Reflecting on comments made by CBA-aligned firm Menico Tuck Parrish indicating a client backlash to the “morass of administration” facing advisers in becoming FOFA-compliant, IRESS senior business development manager Michael Kinens said the required paperwork can also have an upside for advice firms.
IRESS has begun receiving “reports of clients referring business off the back of the FDS”, Mr Kinens revealed, adding that “compliance only becomes a burden … when it is addressed after the fact, or when the client experience is not well defined”.
Businesses struggling to meet the compliance requirements should consider adopting “paperless strategies”, Mr Kinens said, and making use of existing technologies such as eSignatures and the data feeds “both from the adviser’s desktop to providers and back again”.
“The good news for advisers is that technology can reduce the FDS and opt-in effort to practically zero,” Mr Kinens said. “The industry needs to focus on developing solutions that reduce the administrative burden placed on advisers and their staff and now is a really great time for advisers to pause and carefully consider how they are using technology within their businesses.”
At the same time, Mr Kinens warned that the adoption of the latest technological trends has “hamstrung” some businesses which have not thought through the strategy properly, warning that a financial advice firm needs to be sure about the technological strategy it embarks upon in order to achieve results.
“The adoption of the right mobile strategy for clients will enhance the client experience and result in a more engaged client,” Mr Kinens said.




FDS and opt-in requirements (after a few hours of initial work) have only added 1 extra process to our review preparation which takes around 3 minutes. It has also only added about 1 minute to review meeting times. It’s a non-issue. We use xplan and it’s so easy. We were already opting clients in annually at their reviews via a new written service agreement, which also clearly disclosed fees. So it’s business as usual for us. I dont see what the commotion is about…
The financial planning industry has not evolved or learned anything from the past other than to keep trying to justify high advice fees. One would have thought that advanced technology would and should have lowered costs of advice and sped up the advice delivery.
The younger generation won’t fall for high cost traditional advice no matter how dressed up it is or how it’s delivered. Milk you ageing clients for all they can pay now because it’s not to going to stay that way.
The technology is there and I agree with Michael, it’s just a pity the accompanying advice is still buried somewhere in the 80s and 90s.
Interesting, let me start by saying I don’t want to pass judgement on FoFA changes, other than to say I am opposed to Opt In.
The article is really about showing how technology can improve systems and processes and improve client engagement.

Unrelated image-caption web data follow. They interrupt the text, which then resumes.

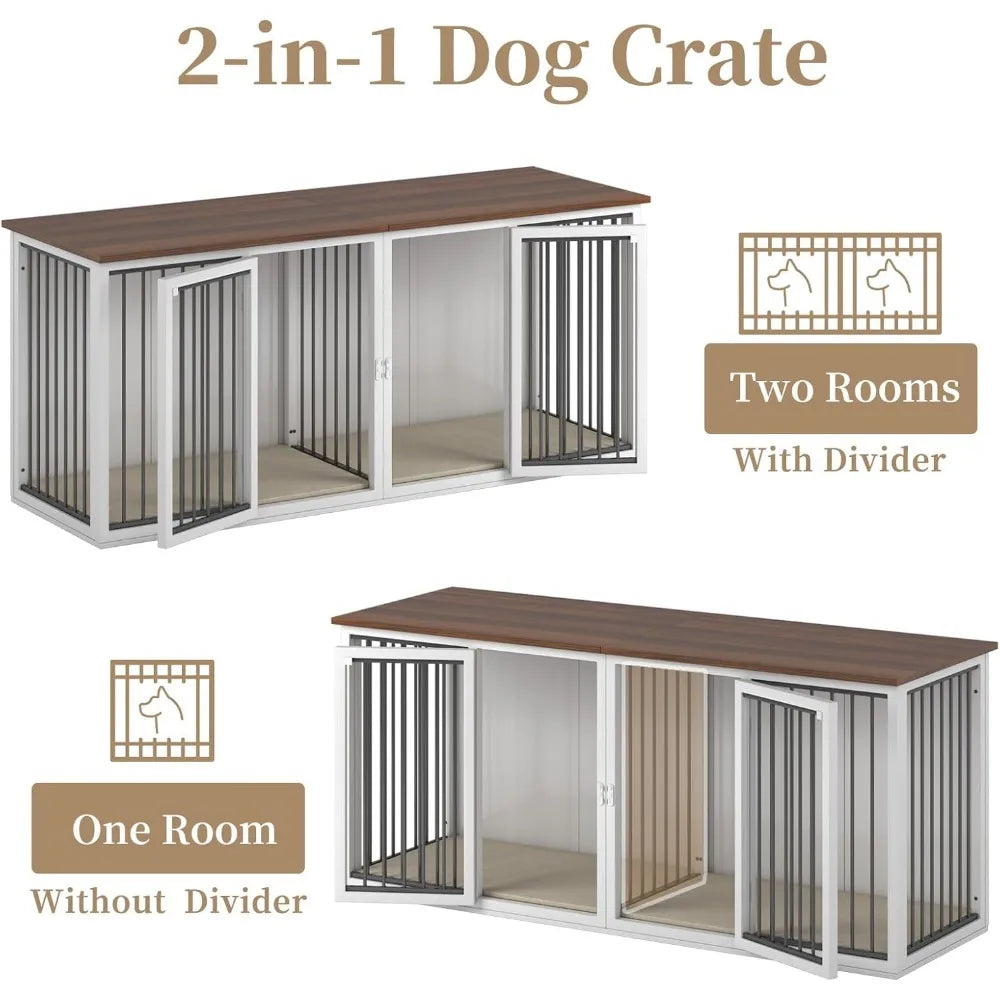 Dog Crate Furniture for 2 Dogs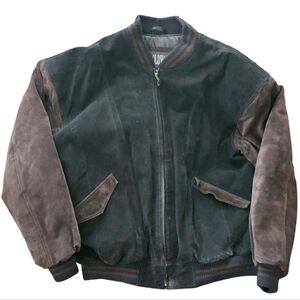 Goldway Vintage Seude Black & Brown Bomber Varsity Jacket Zip up Men's Large
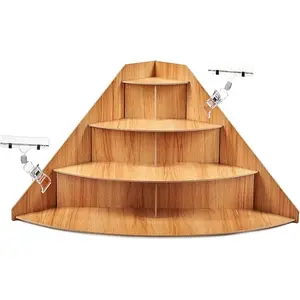 4-Tier Wooden Display Riser Stand, Countertop Rack for Retail, Craft Shows, Farmers Market, Candles & Soap Display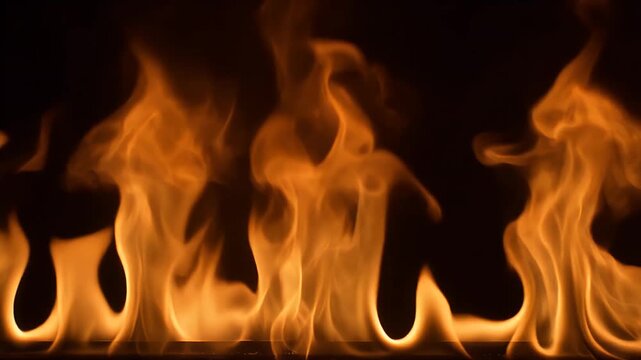 A close-up, triptych view of dancing orange flames against a dark background.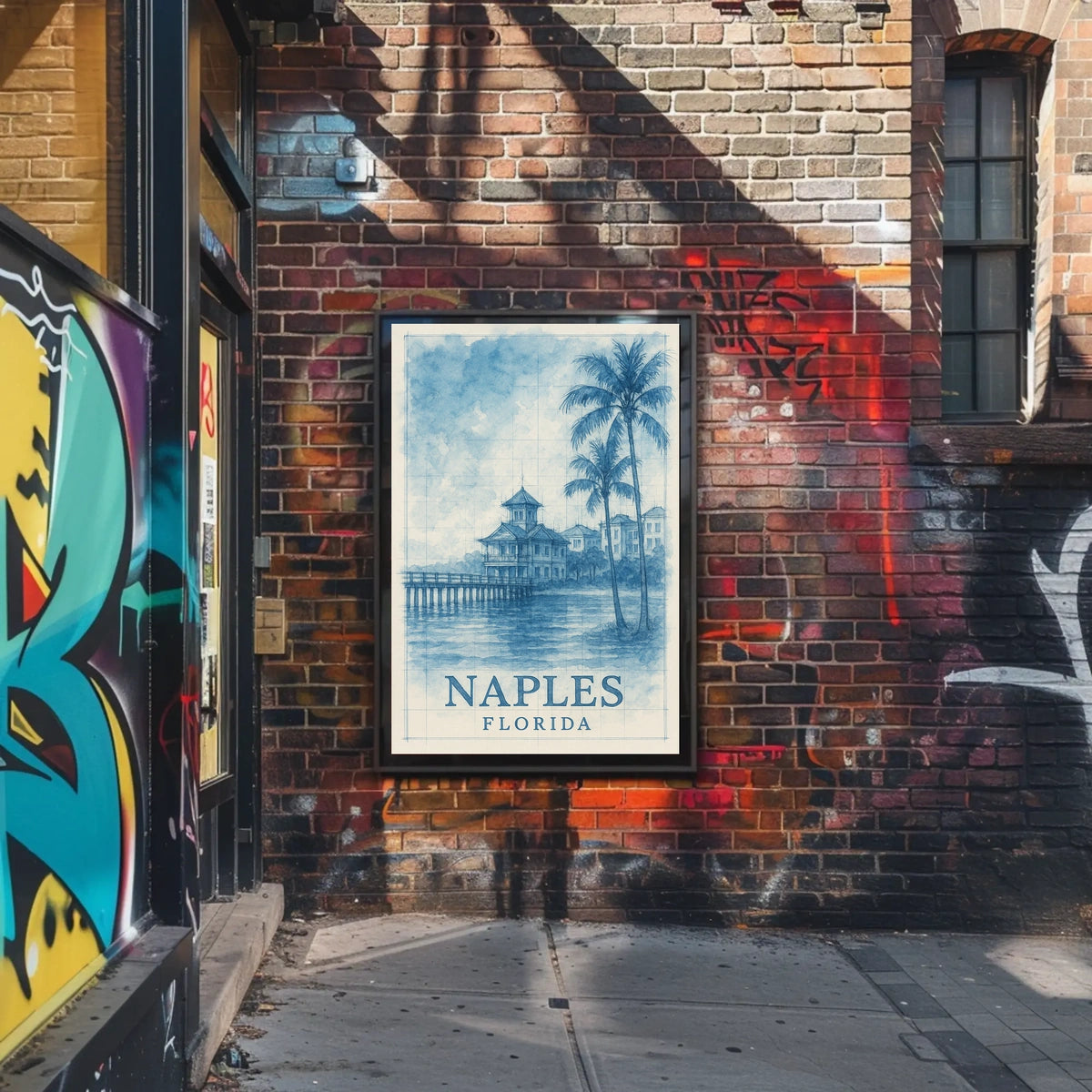 Naples Florida Poster Coastal Wall Art Beach Decor Sunset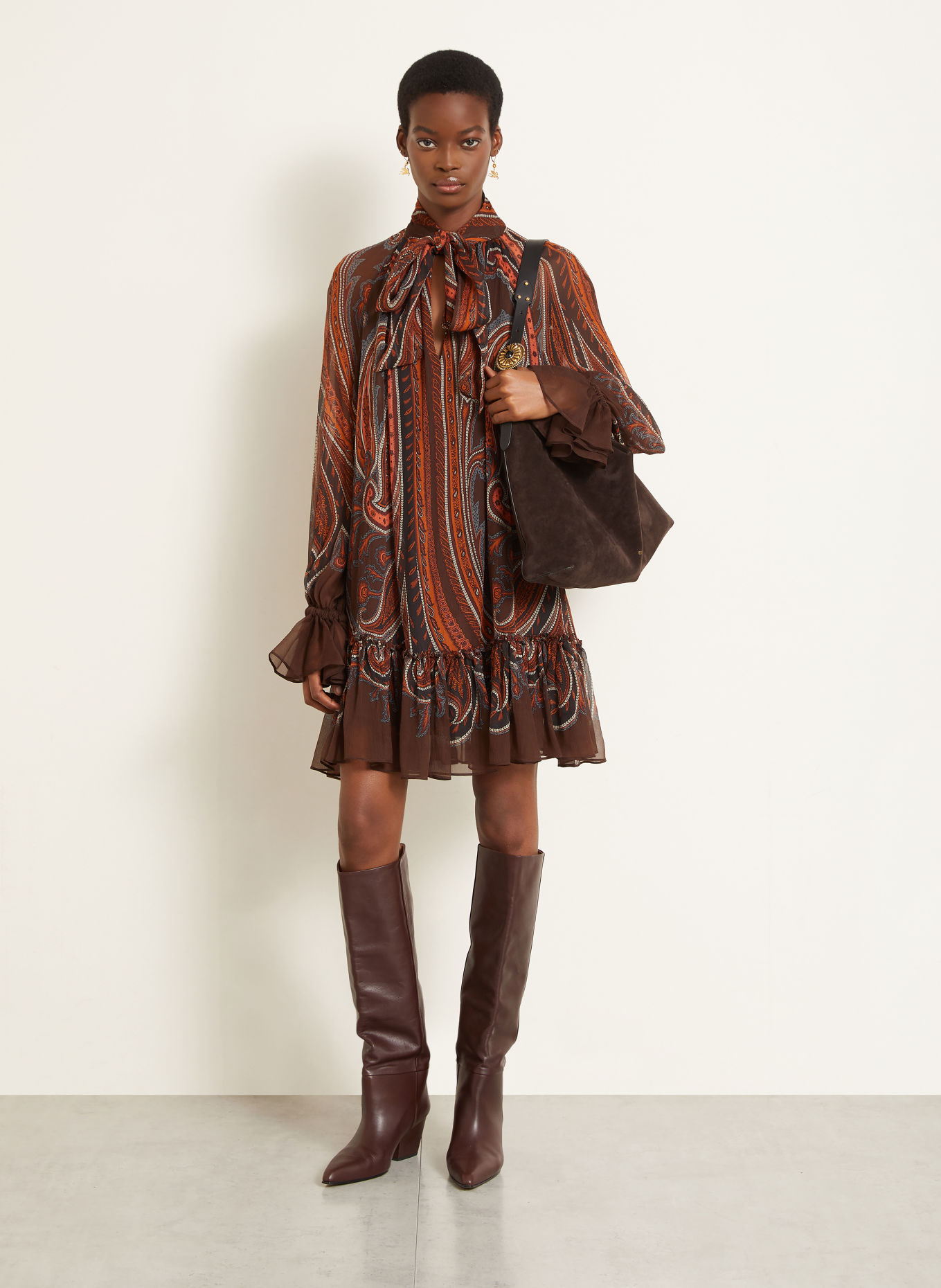 ETRO Jurk met strik bij de hals uit zijde: BRUIN / BLAUWGRIJS / ORANJE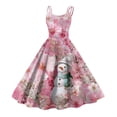 thumbnail image 1 of Women's Christmas Print Casual Fashion Round Neck Mid-Length Dress with Vintage Style for Holiday Parties and Casual Outings,Purple Pink,XL, 1 of 4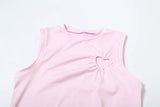 MQTIME  -  Casual Trendy Chic Set Heart Hollow Top Micro Pull Pants Stylish Summer Party Outfit Solid Color Sleeveless Vest Sexy Hot Girl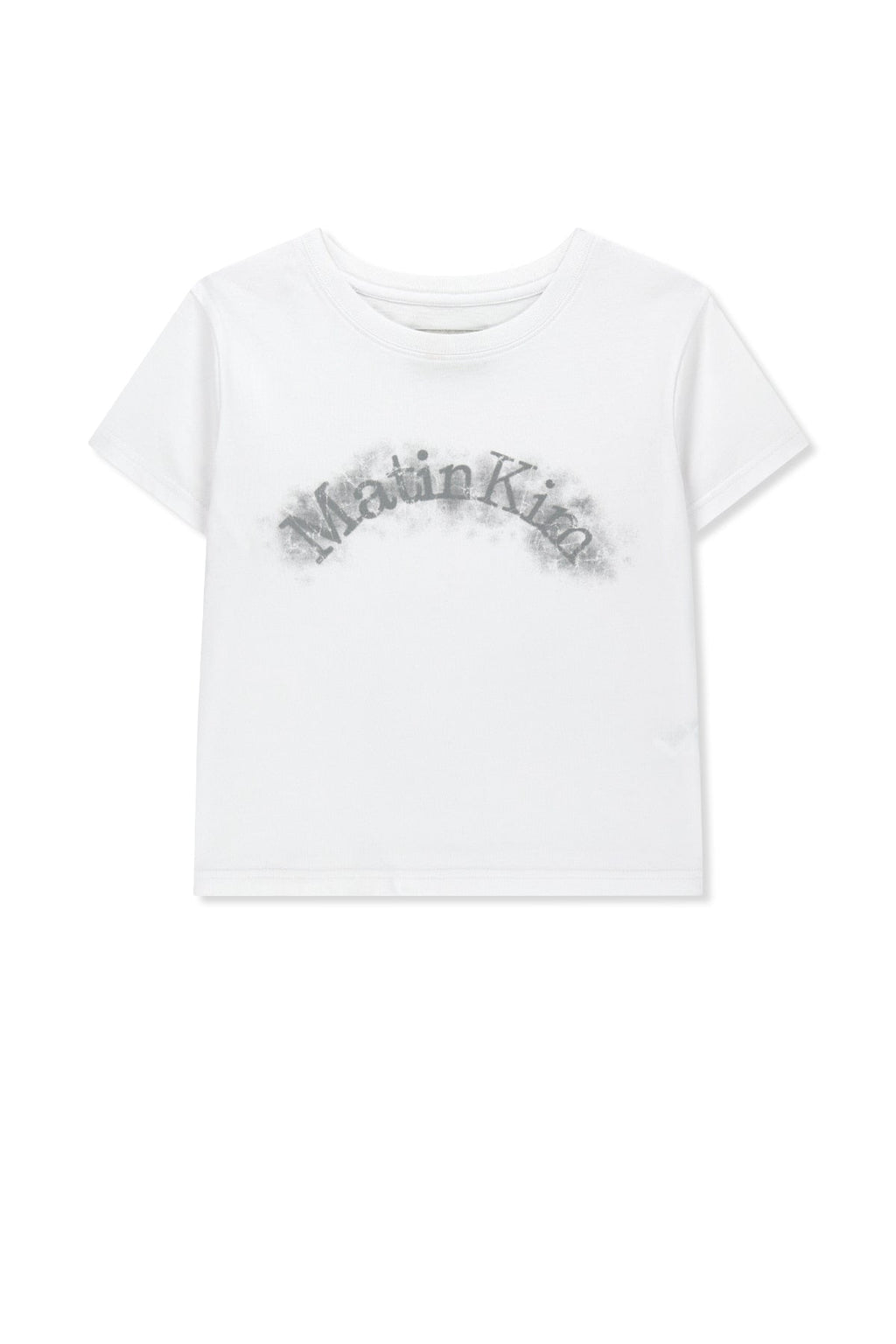 MATIN KIM ARCH LOGO CROP TOP IN WHITE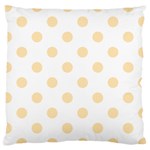 Polka Dots - Peach Orange on White Large Cushion Case (Two Sides)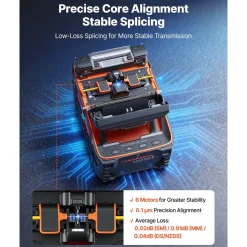 VEVOR Fiber Fusion Splicer 6 Motors, Core Alignment Fiber Optic Splicer 6s Splicing & 13s Heating, Fiber Splicer Machine with 5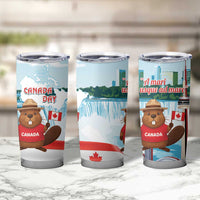 Canada Day Tumbler Cup Cute Beaver With Flag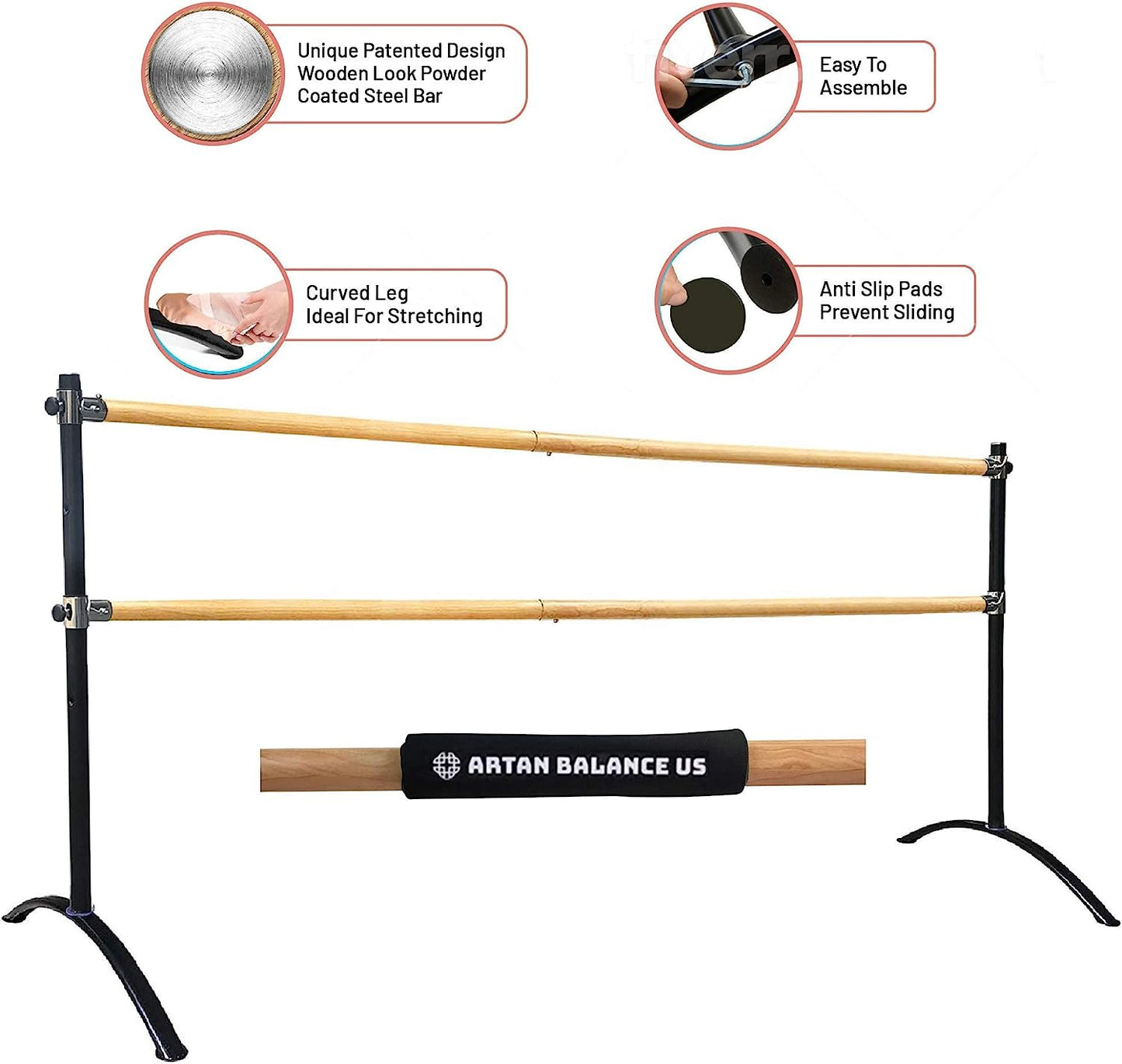 New Ballet Barre Portable for Home or Studio with Detachable Protector Cushion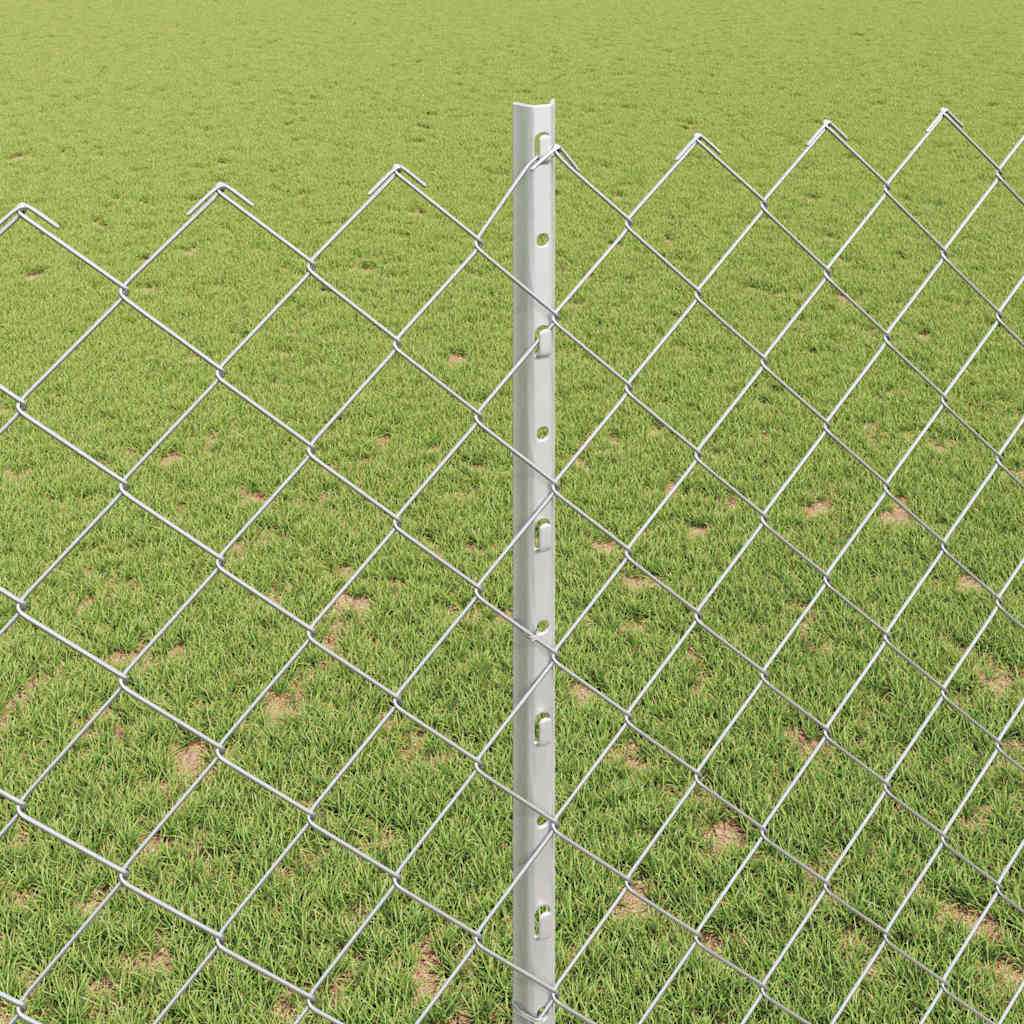 vidaXL Φράχτης από Σχοινί με 20 U Posts Ασημί 1.4x10 μ Χάλυβα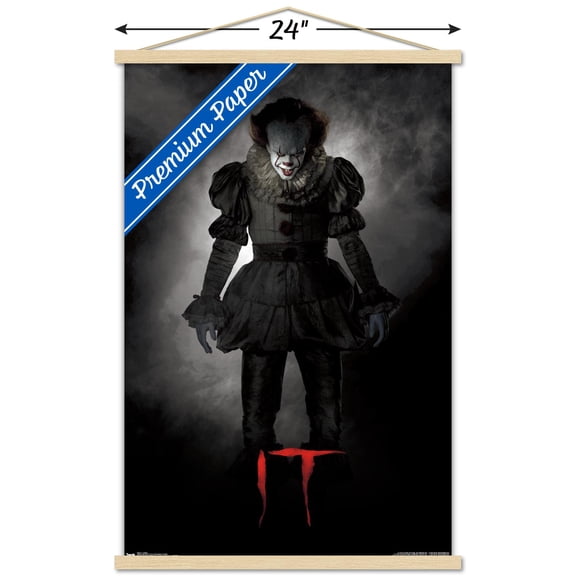IT - Clown Wall Poster with Wooden Magnetic Frame, 22.375" x 34"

As professional advisers we need to acknowledge that the legislation is here to stay and we need to embrace it and turn it into an advantage for our businesses.
Here is an article that Zurich published explaining how we have used the FDSs to our advantage.
[url]http://www.zurich.com.au/conte…[/url]
We are extremely proactive with our clients, seeing and speaking with them on a regular basis and we still managed to obtain further business and referrals from them.
I am probably one of the advisers Michael refers to, as I have spoken openly to advisers about what weve done and the results.
Gerry,
I’d be more than happy to discuss any of the above in greater detail at your convenience. Feel free to either call me directly on 03 90185912 or email me at mkinens@iress.com.au
Gerry,
Please accept that not everything that is covered in an interview necessarily makes it into the published story, so sometimes the context can’t be fully appreciated.
You are correct in suggesting that removing these requirements makes the headache disappear. My comments shouldn’t be interpreted as suggesting that FoFA is right or wrong – they are addressing the fact that, for now, the requirements exist.
What I was hoping to highlight was that FoFA needn’t be the administrative burden that many currently experience, there are those that have realised opportunities from the exercise, and further, the REAL costs within our industry are as a consequence of the poor utilisation of technology by some industry participants (something that is outside the control of advice professionals).
You are kidding
Tech savvy advisers? The fact is if Xplan was easy to drive, there would not be a proliferation of Xplan outsourcing firms out there today.
Mr Kinens is correct – firms do need to be sure about their technology strategy – I’m just waiting for someone to invent something we can all drive, as frankly the clients don’t give a damn whether we use Xplan or its competitors.
Not happy with that article at all…I doubt FDS was supposed to be used as a marketing document and how could Iress possibly get feedback saying referrals were coming in. I already did regular reviews without having to stuff around with an FDS and fitting that in somewhere which is usually out of kilter with existing review dates.
If the FDS was the first type of review document sent out by an adviser for many years, then I would suggest the client should have moved elsewhere.
I acknowledge that advanced technology can make things easier…but so would removing stupid requirements, and concentrating on improved investment strategies and outcomes for clients.